Powerful storm leaves 4 dead and causes widespread power outages in Northeast as snow and cold temperatures sweep in
The storm system carved a chaotic path up the East Coast, leaving a man in Pennsylvania and a woman in South Carolina – both in their 70s – dead after their vehicles were submerged in high water, local officials reported. Two other deaths were reported in Maine and Massachusetts.
As the storm walloped the Northeast Monday, it unleashed 2-4 inches of rainfall across the region within a 24-hour period. The heavy rainfall triggered flooding that engulfed cars, trapped drivers on inundated roadways in New Jersey and Connecticut, and prompted water rescues in New Hampshire and Maine.
Though the storm moved into Canada late Monday and rainfall has largely subsided in the Northeast, impacts will linger over New England on Tuesday. The threat of flooding remains for multiple communities where river levels are still peaking.
Parts of western New York and Pennsylvania may also see snowfall, along with parts of the Great Lakes and Appalachians on Tuesday.
Temperatures are set to plummet to the 30s and 40s across much of the Northeast, as more than 620,000 homes and businesses in the region remained without power early Tuesday, according to poweroutage.us.
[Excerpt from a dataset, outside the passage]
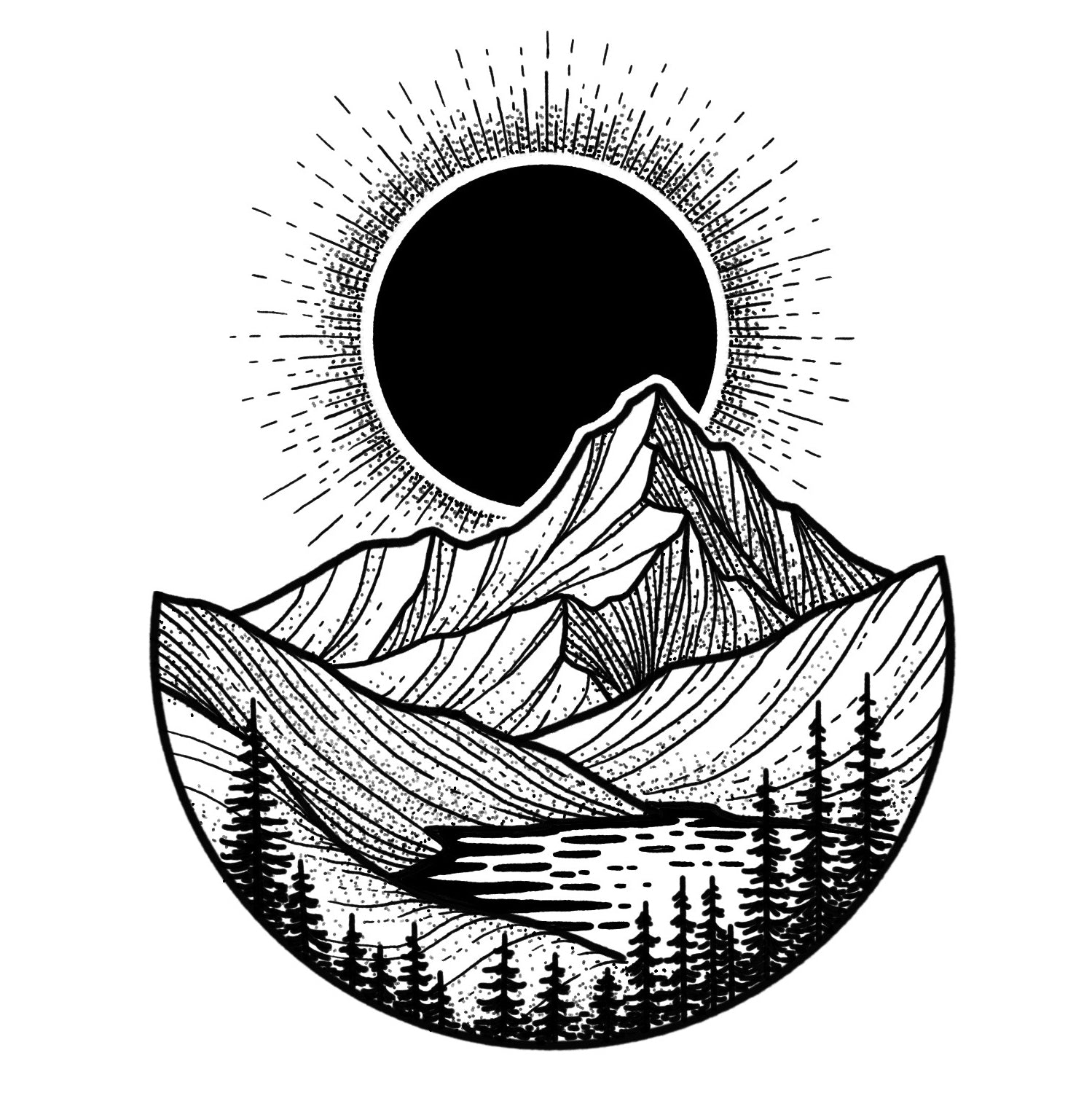 mountain sketch tattoo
The vast majority of outages are in Maine, where 432,000 are in the dark.
Fully restoring power to some Maine residents may take several days, warned Central Maine Power, a utility that serves more than 600,000 customers.
The conditions have prompted school closures or delays in several districts in Maine and New Hampshire.
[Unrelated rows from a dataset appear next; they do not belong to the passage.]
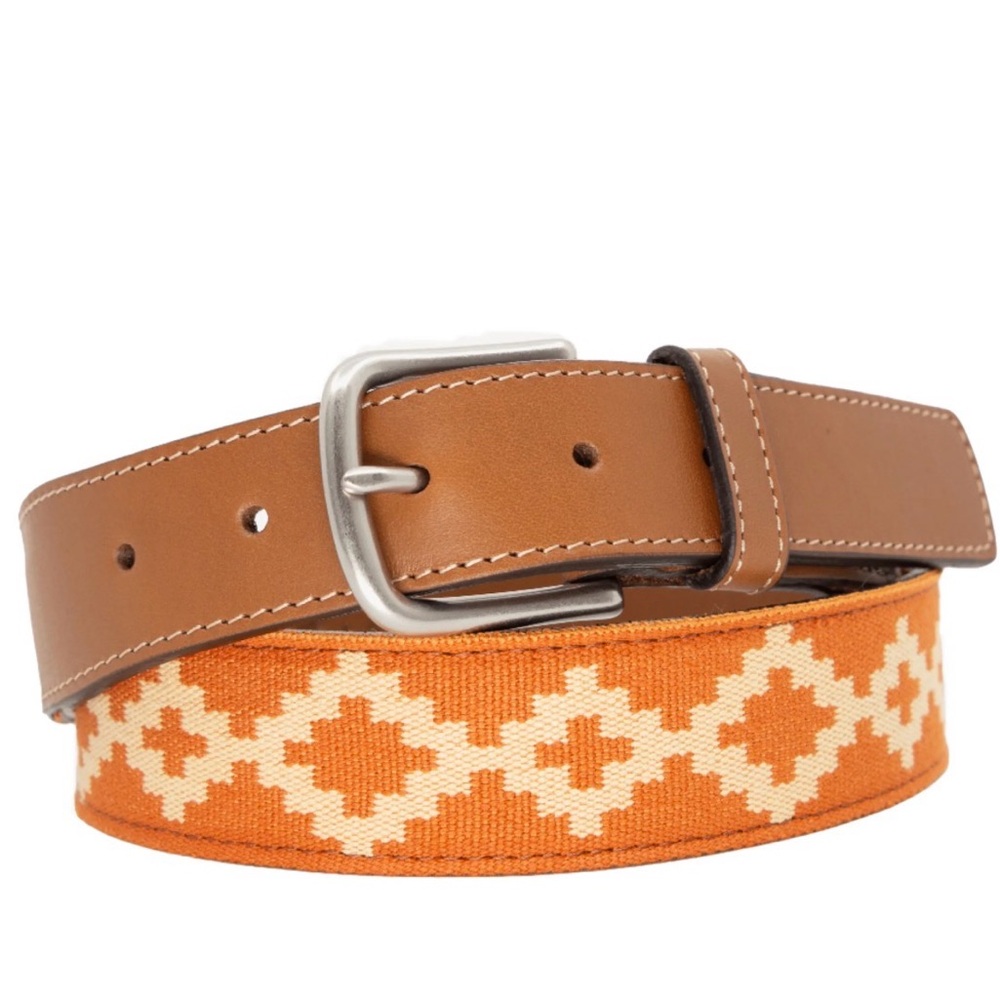 La Matera TALAMPAYA WOVEN BELT Brown and Orange Patterned Men's Belt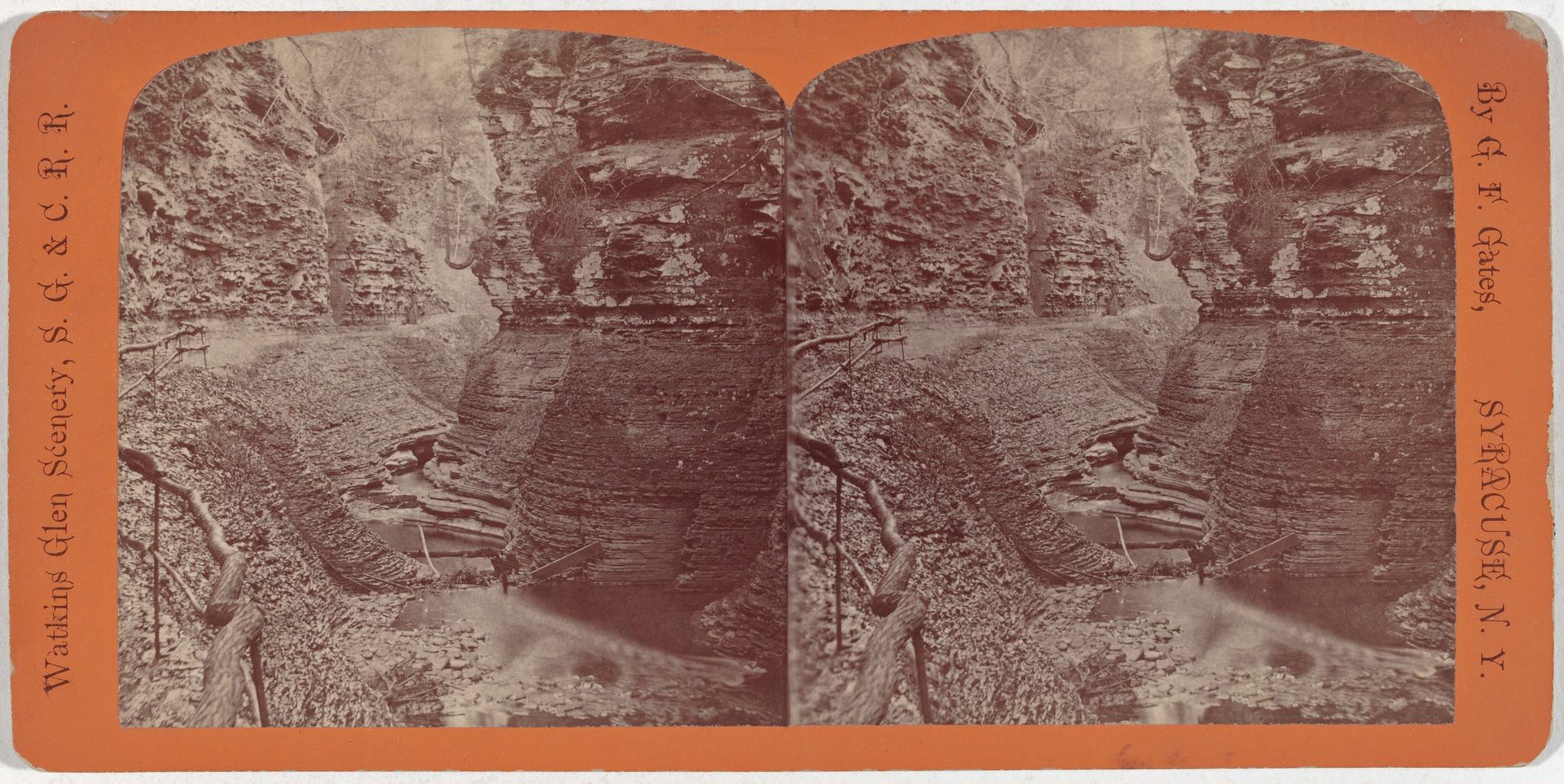Watkins Glen Scenery, Spiral Gorge by George F. Gates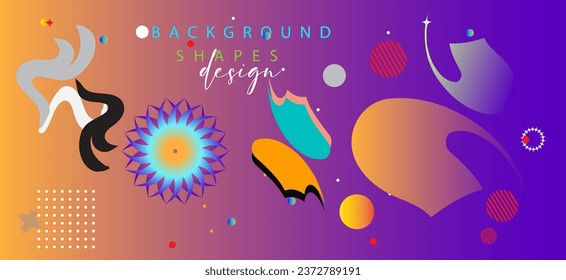 Abstract background with colorful geometric Shapes and elements,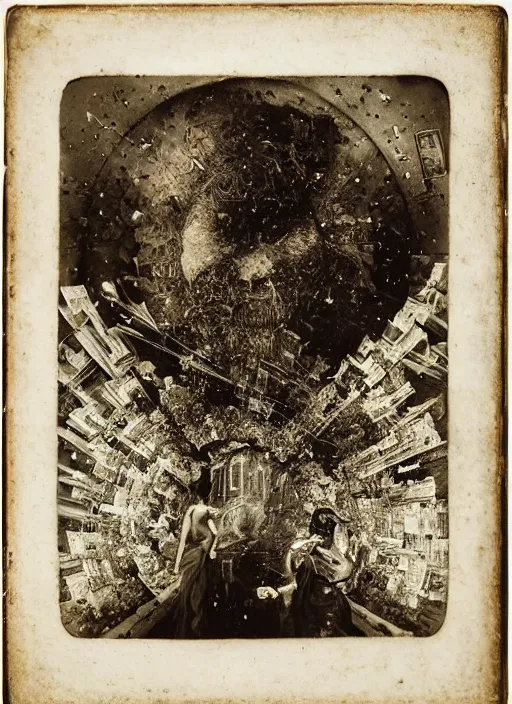 Image similar to old wetplate daguerreotype explosion of data fragments, fractal, intricate, elegant, highly detailed, parallax, leica, medium format, subsurface scattering, by jheronimus bosch and greg rutkowski and louis jacques mande daguerre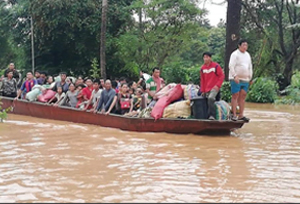 ເຂື່ອນໄຟຟ້າຢູ່ແຂວງອັດຕະປືພັງທະລາຍ 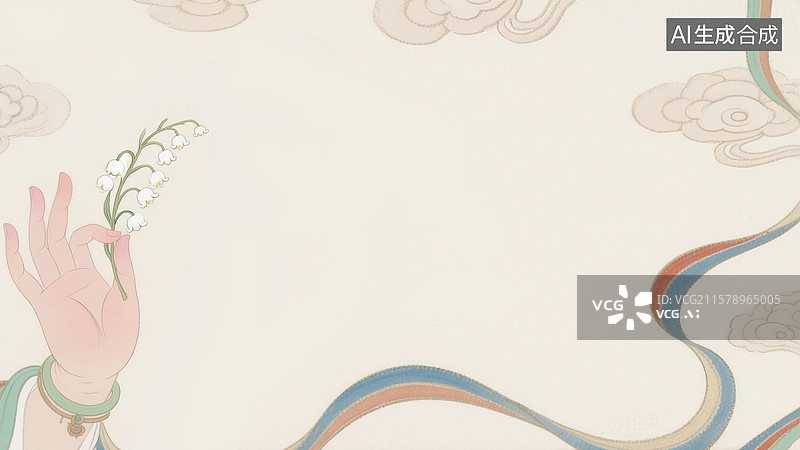 【AI数字艺术】水墨画佛手拈铃兰花背景最大图片素材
Schools in Paterson, New Jersey, were also closed until further notice after the mayor declared an emergency Monday afternoon in anticipation of flooding from the rising Passaic River, saying he “expects the worst” of flooding to happen in the next 24 hours.
The Passaic is expected to crest around 12 feet Tuesday afternoon, a potentially record-breaking level that could flood some adjacent roads, according to the National Weather Service.
In nearby Little Falls, the mayor urged residents to evacuate before midnight Monday due to the threat of flooding, which authorities previously warned could be “catastrophic.”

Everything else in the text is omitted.